▶

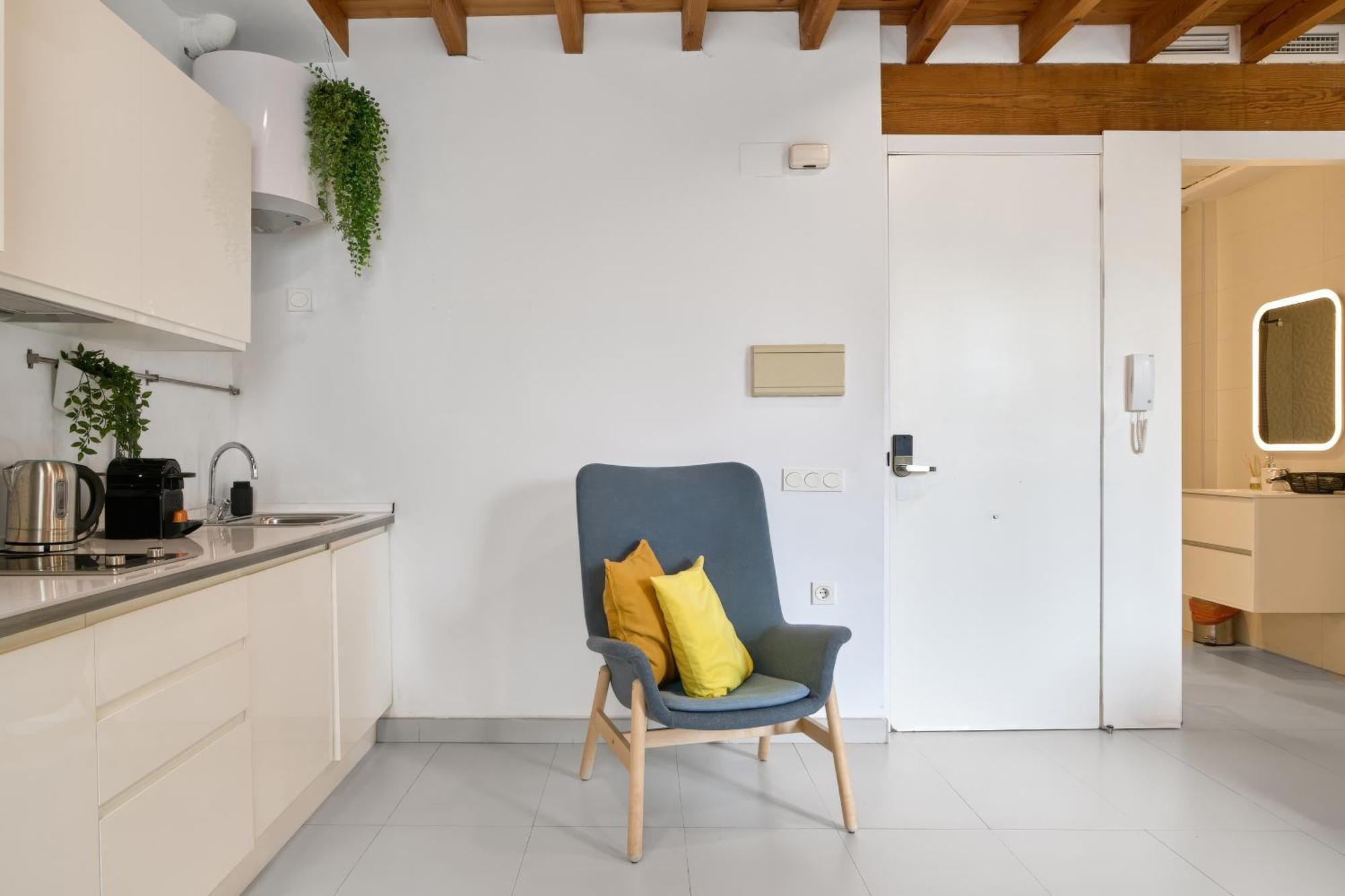 Apartamento Soleado En Plaza Del Carmen فالنسيا المظهر الخارجي الصورة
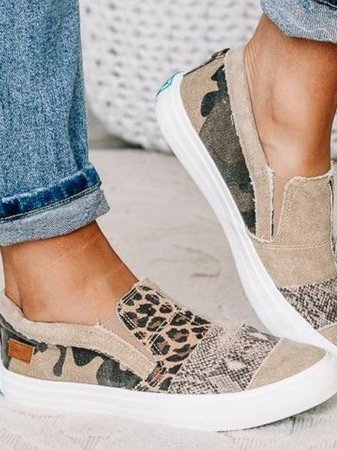 Corlina | Arch-Support Slip On Shoes
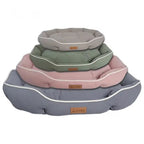 Pet Sofa Sleeping Bed Large Dog Bed House for Cats Big Space Dog Sofa Sleeping Mat Winter Warm Dog CushionEmpiti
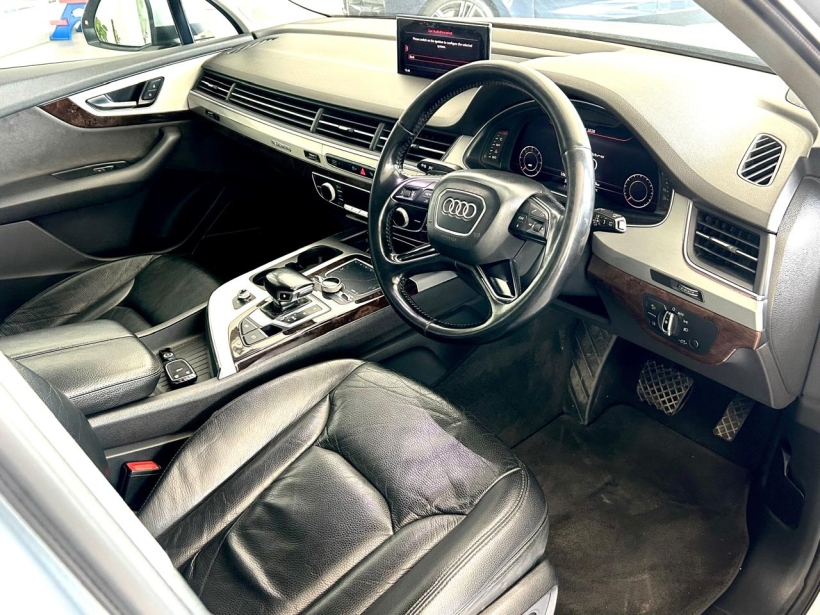 Audi Q7 45 TDI Technology Pack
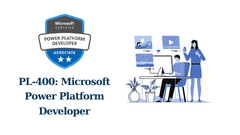 PL-400: Microsoft Power Platform Developer 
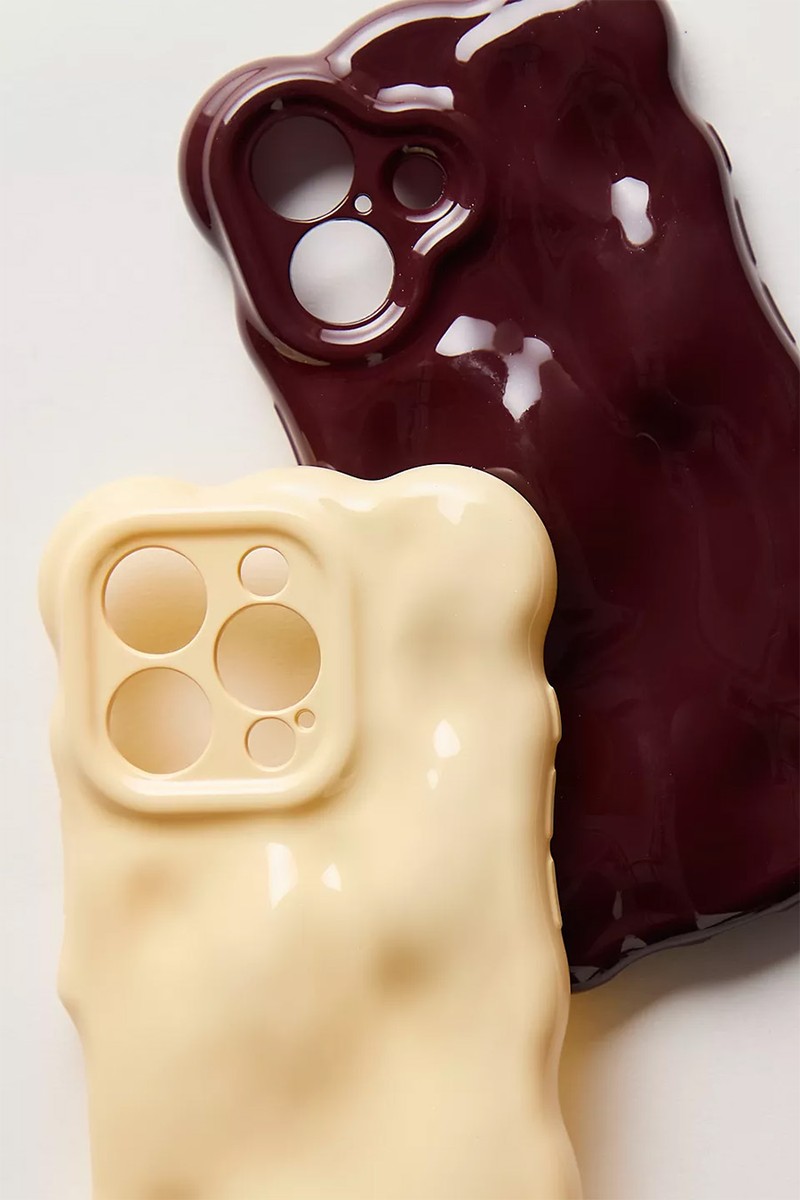 3D Bubble Phone Case from Coconut Lane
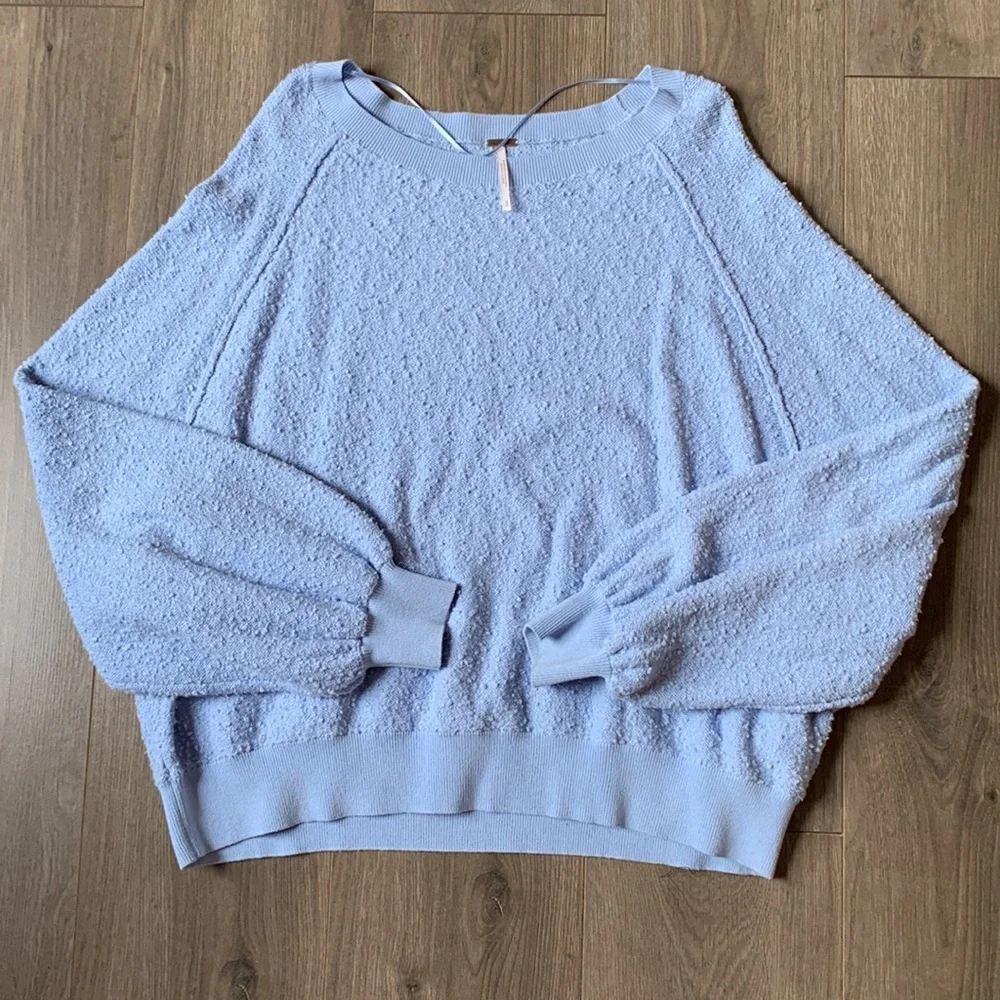 Free People Found My Friend Pullover - Picture 4 of 7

◀

DIRECTIONS: The copy should hold, exactly, the lines from the one containing "Pet Sofa Sleeping" to the final line of the listing above, with both ends present and no pictures.

RESULT:
 Pet Sofa Sleeping Bed Large Dog Bed House for Cats Big Space Dog Sofa Sleeping Mat Winter Warm Dog CushionEmpiti
 Audi Q7 45 TDI Technology Pack
 PL-400: Microsoft Power Platform Developer 
 3D Bubble Phone Case from Coconut Lane
 Free People Found My Friend Pullover - Picture 4 of 7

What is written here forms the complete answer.